Felix Goddard

Personal information
- Full name: Felix Benjamin Goddard
- Date of birth: 9 March 2004 (age 22)
- Place of birth: Frankfurt, Germany
- Height: 1.84 m (6 ft 0 in)
- Position: Goalkeeper

Team information
- Current team: Blackburn Rovers
- Number: 37

Youth career
- 2013–2017: JSSL Singapore
- 2017–2020: Manchester City
- 2020–2021: Blackburn Rovers

Senior career*
- Years: Team / Apps / (Gls)
- 2021–: Blackburn Rovers / 0 / (0)
- 2021: → Lancaster City (loan) / 1 / (0)
- 2022: → Lancaster City (loan) / 1 / (0)
- 2022–2023: → Bamber Bridge (loan) / 24 / (0)
- 2023: → Bamber Bridge (loan) / 8 / (0)
- 2023: → Marine (loan) / 17 / (0)
- 2024: → Dundalk (loan) / 6 / (0)
- 2025: → Ebbsfleet United (loan) / 1 / (0)

= Felix Goddard =

English footballer (born 2004)

Felix Benjamin Goddard (born 9 March 2004) is an English professional footballer who plays as a goalkeeper for EFL Championship side Blackburn Rovers.

==Early life ==
Goddard was born in Frankfurt, Germany to British parents and moved to Singapore in 2006 at the age of 2. He attended Tanglin Trust School.

==Career==
===Youth career===
Having been in Singapore for seven years, Goddard joined JSSL Singapore aged 9 in 2013 and he reverted from being a defender to goalkeeper, whilst under the guidance of former Singapore international goalkeeper, Rezal Hassan. In November 2017, 17-year-old Goddard left Singapore for England and signed for Premier League side Manchester City.

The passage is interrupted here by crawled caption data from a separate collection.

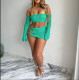 Sexy One Shoulder Long Sleeve Bandage Skirt Set QXTF-8183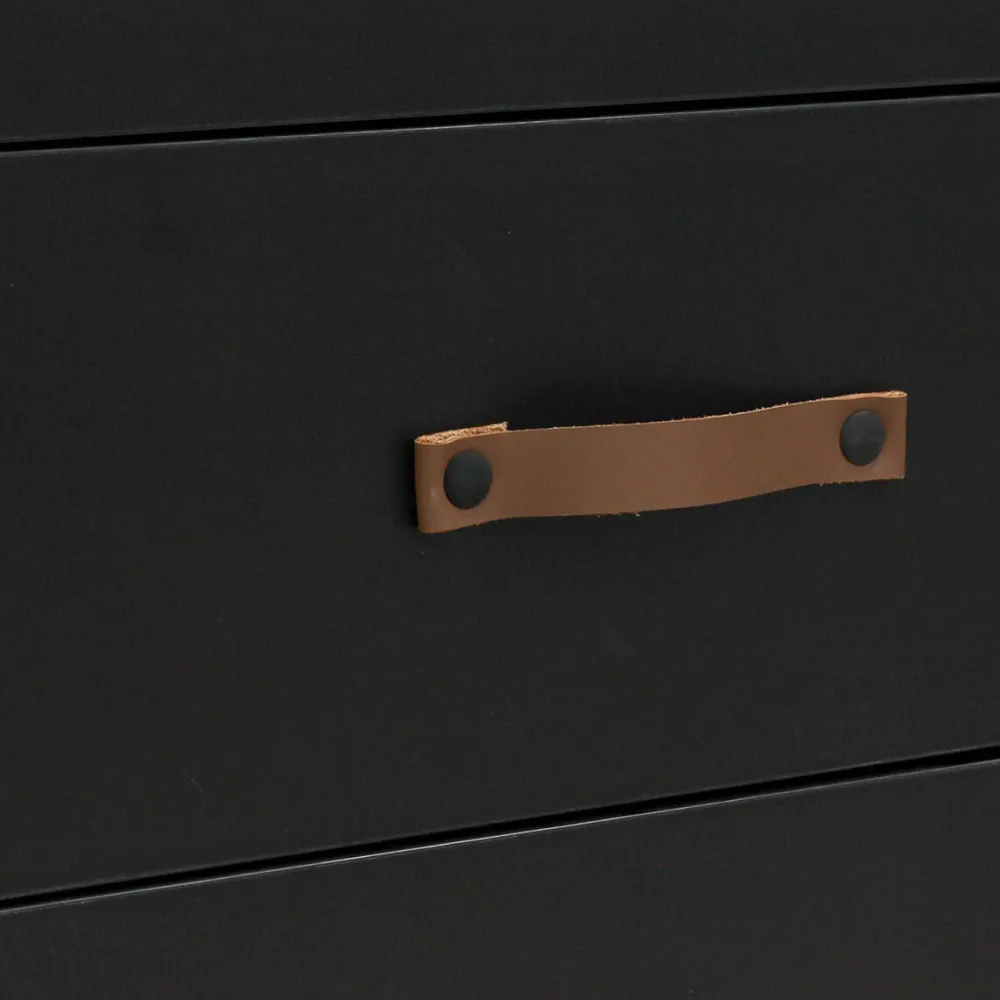Outlet Bopita Bureau Floris Mat Zwart/Naturel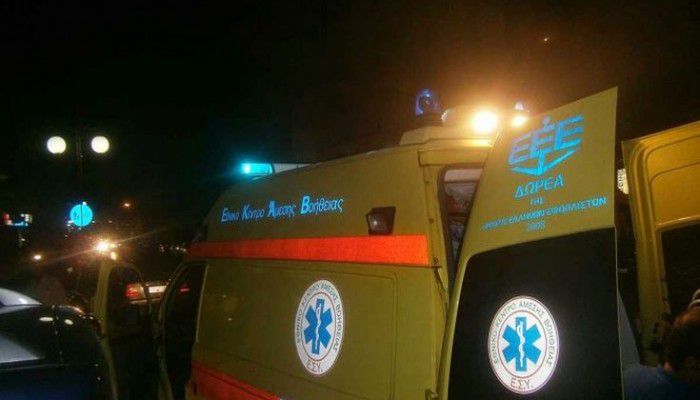Τραυματίστηκε οδηγός μοτό στην οδό Μάρκου Μπότσαρη στα Χανιά
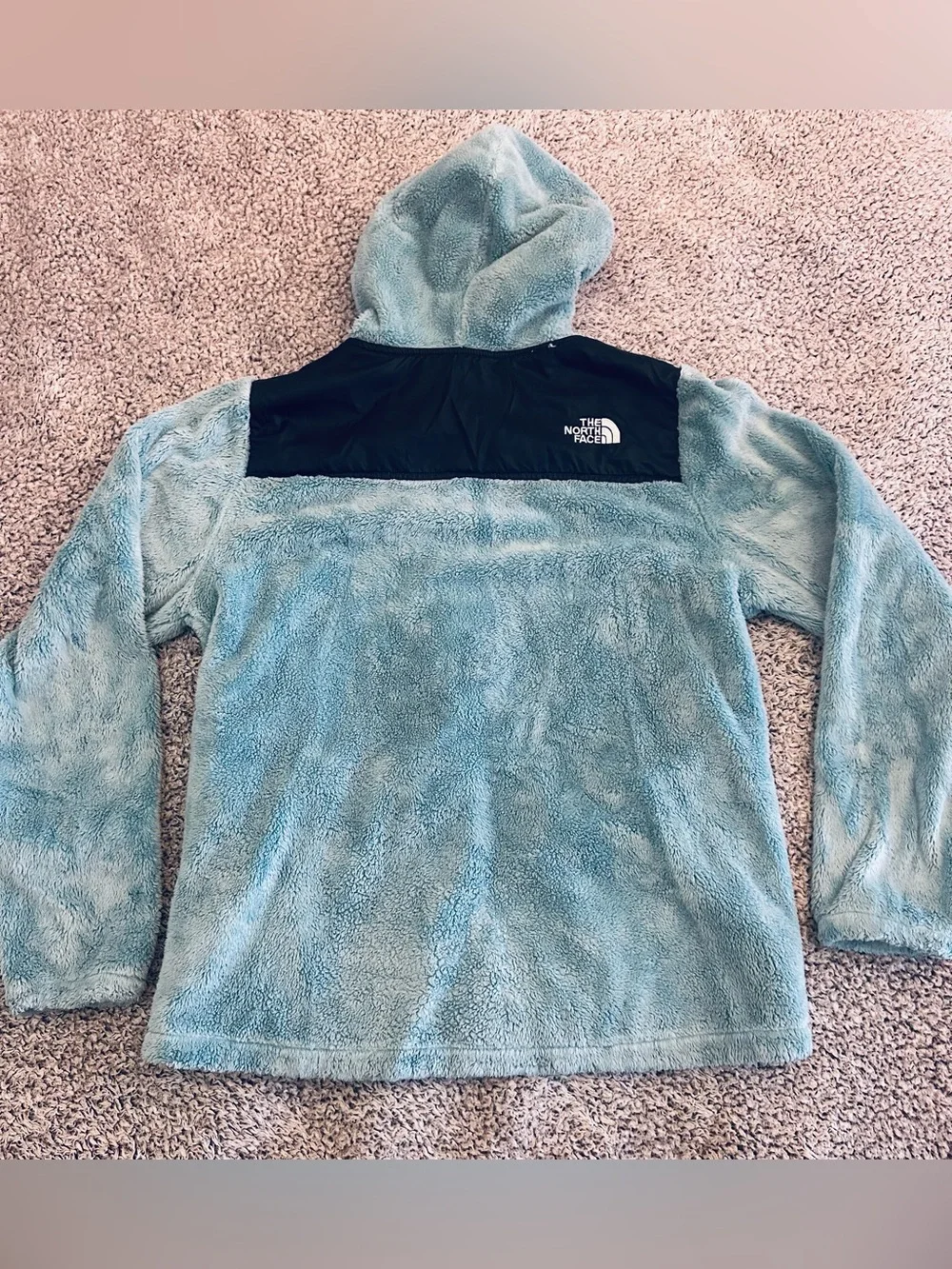 The North Face Girls Blue Teal Oso Full Zip Hooded Fleece Jacket X-Large (18)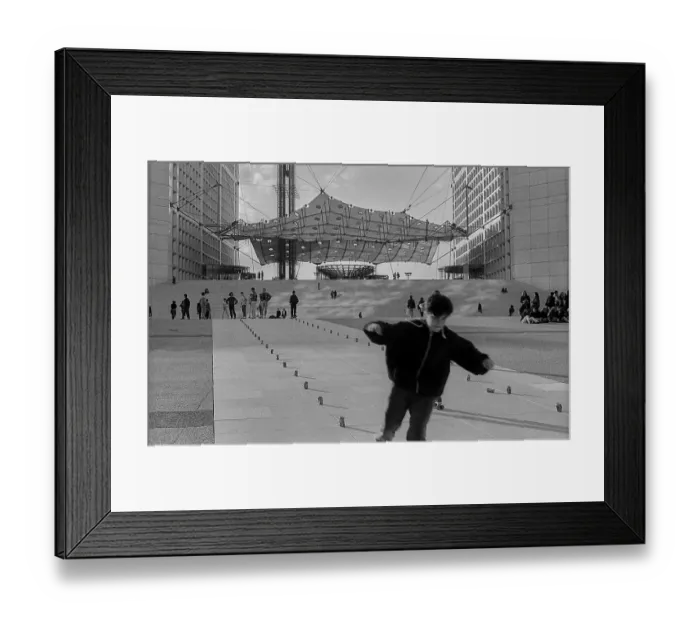 Framed Print : France, Paris, 23.03.1990, satellite city La Defense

On 9 November 2017, Goddard joined Manchester City and was immediately put into their U-13 side, After progressing through various age categories at Manchester City; which included appearances for the Under-18's and Under-21's, Goddard was released by the club in the summer of 2020.

===Blackburn Rovers===
On 28 September 2020, after being on a two-week trial for the under-18's side at Blackburn Rovers, Goddard penned a two-year scholarship deal with the club, and on 25 June 2022, he signed a two-year professional contract with an option of a further year. On 3 August 2023, over a year after signing his pro deal, Goddard penned a new initial two-year deal with Rovers, which ties him down until the summer of 2025. On 4 June 2025, Goddard signed a two-year contract; which ties him down at Blackburn until the summer of 2027.

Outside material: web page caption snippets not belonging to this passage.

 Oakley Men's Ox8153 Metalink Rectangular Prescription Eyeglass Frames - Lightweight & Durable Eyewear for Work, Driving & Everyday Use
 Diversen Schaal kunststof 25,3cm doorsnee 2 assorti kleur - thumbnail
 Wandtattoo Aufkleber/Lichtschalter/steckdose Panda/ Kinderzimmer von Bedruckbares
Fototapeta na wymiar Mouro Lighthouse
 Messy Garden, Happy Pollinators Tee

===Lancaster City (loan)===
On 10 December 2021, Goddard was loaned out to Northern Premier League
Premier Division side Lancaster City on loan until the 18 December; following an injury to fellow Blackburn loanee goalkeeper, Aidan Dowling. He made his debut for the club a day later during the league game against Basford United; and kept a clean sheet in a 1–0 win for The Dolly Blues at the 	Giant Axe. He returned to his parent club, Blackburn at the conclusion of the loan and on 28 January 2022, Goddard returned to Lancaster City on loan; following the departure of Wyll Stanway to a club higher up the league pyramid. However, he went off injured a day later after suffering a suspected broken collarbone - after being involved in a collision with an attacker and defender; during a 2–1 home win against Radcliffe.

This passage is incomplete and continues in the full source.